As memórias de Olga representam, também, uma exibição de cosmopolitismo chique e aristocrático: do Brasil, onde privou com toda a aristocracia, a Nova Iorque, e, na Europa, de Madrid a Paris, sem esquecer muitos outros países e capitais e uma peregrinação a Lourdes. Mais os 30 anos do que denominou “um afeto perfeito” com a baronesa de Zuylen, filha dos barões de Rothschild, que ajudou a sair da França ocupada pelos nazis e que, só assim, foi salva das “torturas de Dachau”. Cinematográfica e terna é a descrição do modo como a baronesa, que partira antes de Biarritz, esperou pela amiga, muito provavelmente sua amante, na fronteira espanhola, junto ao seu Rolls Royce. Vieram juntas para Portugal, mas acabaram nos Estados Unidos. Finda a Guerra, voltaram ambas para Lisboa.
Foi sobre a Lisboa do final dos anos 40 que escreveu: “Não me habituo, não me habituarei nunca, a esta espécie de aridez mental a que parecemos voluntariamente condenar-nos, a este ambiente de ‘senhoras vizinhas’ que tudo rege segundo os seus códigos do preconceito, a este ‘parece mal’, a esta singular suspeita necessária ou ácida desconfiança com que andamos todos a olhar uns para os outros” (“As Minhas Memórias”, Portugália Editora, 1948, pp. 354-355).
Segundo as mesmas memórias, teriam também de ser considerados, na geração anterior, Eça, Fialho, Ramalho e Bordalo; os seus contemporâneos Malheiro Dias, Lopes Vieira, José de Figueiredo e Raul Lino; e, ainda, Leitão de Barros, João Couto, Diogo de Macedo, Aquilino (com a sua “rudeza nativa”), Amélia Rey Colaço e João Villaret. Quanto a salões, que não faltavam em nenhuma cidade que se prezasse, só contava com as exceções de quem abria as suas requintadas casas aos artistas: a marquesa de Cadaval, cujo trabalho pela elevação do gosto musical continua a ser hoje reconhecido de modo consensual; e Elisa de Sousa Pedroso, filha dos condes de Carnaxide e presidente do Círculo de Cultura Musical (à qual já dedicara uma nota em “Arte, Literatura & Viagens”, Livraria Central, 1909, pp. 59-63).

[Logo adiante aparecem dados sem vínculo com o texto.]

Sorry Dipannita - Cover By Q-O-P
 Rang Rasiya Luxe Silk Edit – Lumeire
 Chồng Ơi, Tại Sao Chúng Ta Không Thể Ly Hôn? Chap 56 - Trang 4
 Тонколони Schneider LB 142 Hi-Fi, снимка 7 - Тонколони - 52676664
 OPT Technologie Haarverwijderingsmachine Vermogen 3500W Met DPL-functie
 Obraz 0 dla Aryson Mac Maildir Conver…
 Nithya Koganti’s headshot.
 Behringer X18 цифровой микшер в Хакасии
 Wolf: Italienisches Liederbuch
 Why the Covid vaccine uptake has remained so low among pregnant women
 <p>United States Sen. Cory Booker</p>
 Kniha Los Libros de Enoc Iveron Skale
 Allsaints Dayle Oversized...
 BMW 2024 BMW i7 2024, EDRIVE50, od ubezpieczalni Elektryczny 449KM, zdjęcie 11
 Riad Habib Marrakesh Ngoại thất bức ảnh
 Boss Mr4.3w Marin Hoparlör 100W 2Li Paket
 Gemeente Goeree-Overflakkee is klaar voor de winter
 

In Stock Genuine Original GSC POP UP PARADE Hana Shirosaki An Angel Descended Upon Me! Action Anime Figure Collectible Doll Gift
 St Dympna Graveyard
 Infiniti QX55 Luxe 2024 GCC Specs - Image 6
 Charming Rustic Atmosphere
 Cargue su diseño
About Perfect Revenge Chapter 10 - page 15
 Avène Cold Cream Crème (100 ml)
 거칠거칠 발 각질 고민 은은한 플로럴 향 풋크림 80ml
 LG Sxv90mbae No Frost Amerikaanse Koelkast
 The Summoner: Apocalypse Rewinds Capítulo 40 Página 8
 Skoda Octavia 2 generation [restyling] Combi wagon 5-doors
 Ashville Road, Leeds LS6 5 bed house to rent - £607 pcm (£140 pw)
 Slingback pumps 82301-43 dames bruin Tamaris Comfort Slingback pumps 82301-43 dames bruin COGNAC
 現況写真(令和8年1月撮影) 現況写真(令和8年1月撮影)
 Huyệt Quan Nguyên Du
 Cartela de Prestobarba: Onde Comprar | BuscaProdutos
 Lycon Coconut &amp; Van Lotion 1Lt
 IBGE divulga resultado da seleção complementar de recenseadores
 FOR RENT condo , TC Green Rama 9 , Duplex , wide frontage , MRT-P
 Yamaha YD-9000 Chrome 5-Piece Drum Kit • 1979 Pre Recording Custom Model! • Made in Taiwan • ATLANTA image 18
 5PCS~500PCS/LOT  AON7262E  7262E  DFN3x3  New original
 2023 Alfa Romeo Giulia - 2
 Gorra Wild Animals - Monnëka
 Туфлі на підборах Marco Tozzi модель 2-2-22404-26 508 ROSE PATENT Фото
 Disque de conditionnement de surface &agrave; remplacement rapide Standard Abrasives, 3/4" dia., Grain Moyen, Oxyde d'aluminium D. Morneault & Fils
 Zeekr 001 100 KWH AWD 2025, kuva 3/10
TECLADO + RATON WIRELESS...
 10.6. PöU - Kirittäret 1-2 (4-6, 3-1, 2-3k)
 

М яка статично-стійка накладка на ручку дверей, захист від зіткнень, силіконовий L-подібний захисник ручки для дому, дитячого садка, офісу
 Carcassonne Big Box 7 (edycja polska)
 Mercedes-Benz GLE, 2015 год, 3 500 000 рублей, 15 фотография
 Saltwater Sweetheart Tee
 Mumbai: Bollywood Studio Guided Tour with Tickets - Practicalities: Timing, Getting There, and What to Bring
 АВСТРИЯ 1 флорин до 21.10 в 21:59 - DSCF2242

O snobismo extremo de Olga de Moraes Sarmento explica a sua capacidade para abraçar causas emancipatórias. Fosse do ponto de vista do género e, mais concretamente, da sua relação com a baronesa de Rothschild. Fosse em relação às desigualdades raciais, fundadas na escravatura. Tal como escreveu, ainda jovem: “A emancipação dos escravos da América do Norte deve-se a Henriqueta Stowe que, com a publicação do seu belo livro, ‘Uncle Tom’s Cabin’ — genial criação cuja influência social foi tanta que podemos considerá-la como um dos mais importantes agentes da realização desse passo gigantesco do progresso e da civilização” (“Problema Feminista”, Lisboa, 1906, pp. 33-34).
CONSERVADORAS E ESCRITORAS
Fernanda de Castro (1900-1994), mulher de António Ferro, conta nas suas memórias que a sua iniciação no campo literário fora feita graças às leituras e encorajamentos que merecera de Branca de Gonta, de Luzia Grande e do conde de Sabugosa. Luzia (1875-1945) é, nas mesmas memórias, equiparada a Katherine Mansfield, com quem tinha “parecenças de irmã”. Fernanda de Castro e Teresa Leitão de Barros (1898-1983) — esta, nas suas funções de testamentária literária oficial — publicaram uma única obra póstuma de Luzia, intitulada “Dias Que Já Lá Vão” (1946). Trata-se de um livro que integrou a coleção da Tavares Martins, dirigida por António Ferro, composta tanto por traduções, como por originais, e que, pelo menos na sua programação, chegou a contar com a colaboração de outras mulheres.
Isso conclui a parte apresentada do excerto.